# Your instructions
Copy exactly the lines of the material below that fall between the line with "베이지 투톤 방수코팅원단 (방수포) 쇼핑백 (10장 묶음)" and the line with "image:imageRVivimos Womens Fall", both of those lines included; pictures stay out.

# Supplied material
________________________

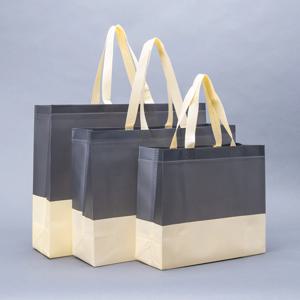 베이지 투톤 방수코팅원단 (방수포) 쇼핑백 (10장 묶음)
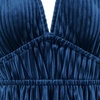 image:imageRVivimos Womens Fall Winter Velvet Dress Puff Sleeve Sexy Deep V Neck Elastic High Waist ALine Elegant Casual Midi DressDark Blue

________________________

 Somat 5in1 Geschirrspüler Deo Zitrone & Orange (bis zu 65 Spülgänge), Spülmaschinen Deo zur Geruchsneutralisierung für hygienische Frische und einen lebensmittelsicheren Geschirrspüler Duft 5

________________________

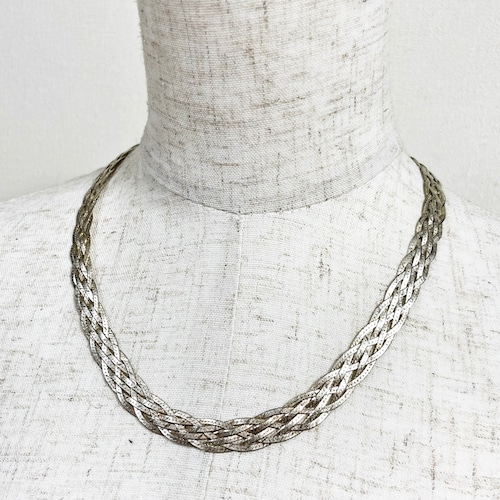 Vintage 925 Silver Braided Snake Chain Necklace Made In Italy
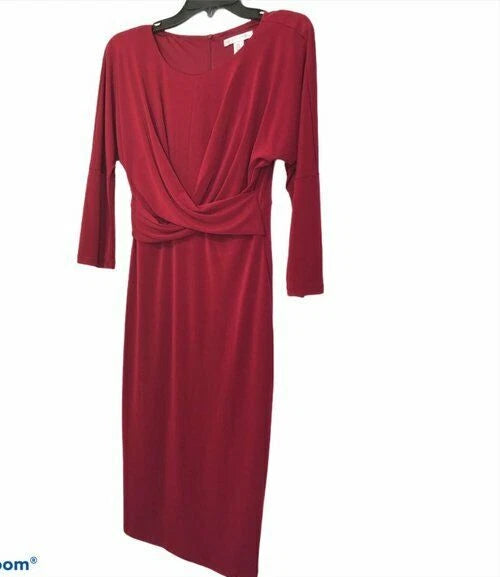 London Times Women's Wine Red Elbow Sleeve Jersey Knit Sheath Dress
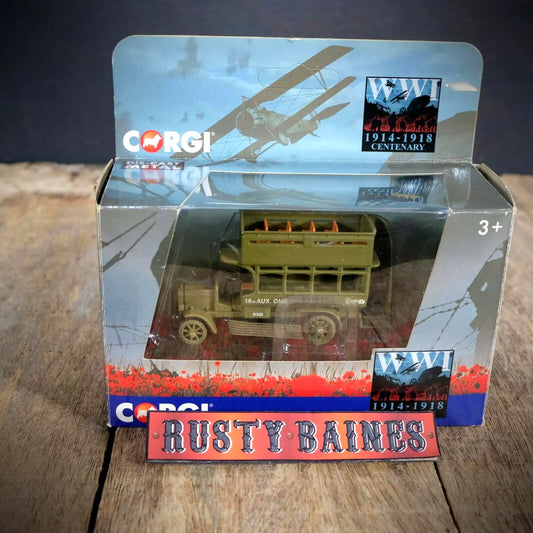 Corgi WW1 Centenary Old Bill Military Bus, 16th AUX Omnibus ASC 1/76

________________________

# Completed task
 베이지 투톤 방수코팅원단 (방수포) 쇼핑백 (10장 묶음)
 image:imageRVivimos Womens Fall Winter Velvet Dress Puff Sleeve Sexy Deep V Neck Elastic High Waist ALine Elegant Casual Midi DressDark Blue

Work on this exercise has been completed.